Das monatliche Kindergeld steigt ab 1. Januar 2021 um 15 Euro. Künftig erhalten Eltern für die ersten beiden Kinder 219 Euro, für das dritte Kind 225 Euro und für jedes weitere Kind 250 Euro. Außerdem wird der Kinderfreibetrag ab dem Veranlagungszeitraum 2021 erhöht. Es gilt dann ein Betrag (einschließlich Betreuungs-, Erziehungs- und Ausbildungsbedarf) von 8.388 Euro für verheiratete Eltern bei Zusammenveranlagung.

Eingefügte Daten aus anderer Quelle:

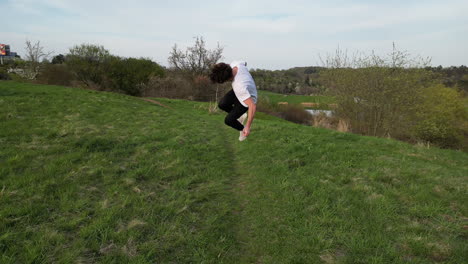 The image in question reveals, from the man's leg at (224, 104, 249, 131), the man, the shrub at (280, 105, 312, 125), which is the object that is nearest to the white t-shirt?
the man

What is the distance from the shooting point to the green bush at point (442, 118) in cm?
1750

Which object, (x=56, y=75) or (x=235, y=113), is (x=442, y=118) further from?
(x=56, y=75)

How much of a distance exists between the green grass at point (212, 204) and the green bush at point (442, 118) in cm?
1408

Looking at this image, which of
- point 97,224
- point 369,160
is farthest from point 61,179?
point 369,160

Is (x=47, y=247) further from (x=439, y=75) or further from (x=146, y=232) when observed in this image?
(x=439, y=75)

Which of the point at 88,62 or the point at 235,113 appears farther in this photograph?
the point at 88,62

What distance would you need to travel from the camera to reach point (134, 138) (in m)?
7.08

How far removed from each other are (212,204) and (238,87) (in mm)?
2246

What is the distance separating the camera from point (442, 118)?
1909 centimetres

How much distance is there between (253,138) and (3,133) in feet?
22.6

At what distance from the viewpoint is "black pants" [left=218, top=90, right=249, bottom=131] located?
A: 5.49m

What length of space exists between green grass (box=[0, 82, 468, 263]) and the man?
1.28 m

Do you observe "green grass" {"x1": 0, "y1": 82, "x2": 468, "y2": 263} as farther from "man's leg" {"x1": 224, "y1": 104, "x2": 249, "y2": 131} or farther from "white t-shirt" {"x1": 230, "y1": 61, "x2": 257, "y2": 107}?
"white t-shirt" {"x1": 230, "y1": 61, "x2": 257, "y2": 107}

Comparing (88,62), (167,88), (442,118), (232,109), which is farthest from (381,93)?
(88,62) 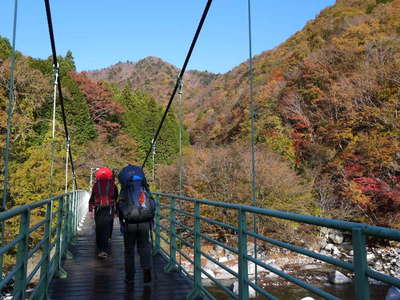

Änderungen bei Bezug von Elterngeld

Der Gesetzentwurf des Bundeselterngeldes und Elternzeitgesetzes sieht zusätzliche und flexiblere Angebote zur Nutzung des Elterngeldes vor. Die Höchstarbeitsgrenze wird für die Dauer des Elterngeldbezugs von 30 auf 32 Wochenstunden erhöht. Weitere Änderungen betreffen die Flexibilisierung des Partnerschaftsbonus. So soll der Bonus künftig statt fest für vier auch für zwei oder drei Monate beantragt werden können. Der Gesetzentwurf wird derzeit im parlamentarischen Verfahren behandelt und soll am 1. Januar 2021 in Kraft treten.

Neuer Personalausweis

Ab August 2021 müssen Personalausweise zwei neue digitale Fingerabdrücke enthalten. Die derzeit fälligen Gebühren von 28,80 Euro für die Ausstellung eines Personalausweises werden bereits ab Jahresbeginn 2021 auf 37 Euro erhöht.

Hinweis

Sämtliche Informationen wurden sorgfältig recherchiert. Für ihre Richtigkeit kann dennoch keine Gewähr übernommen werden.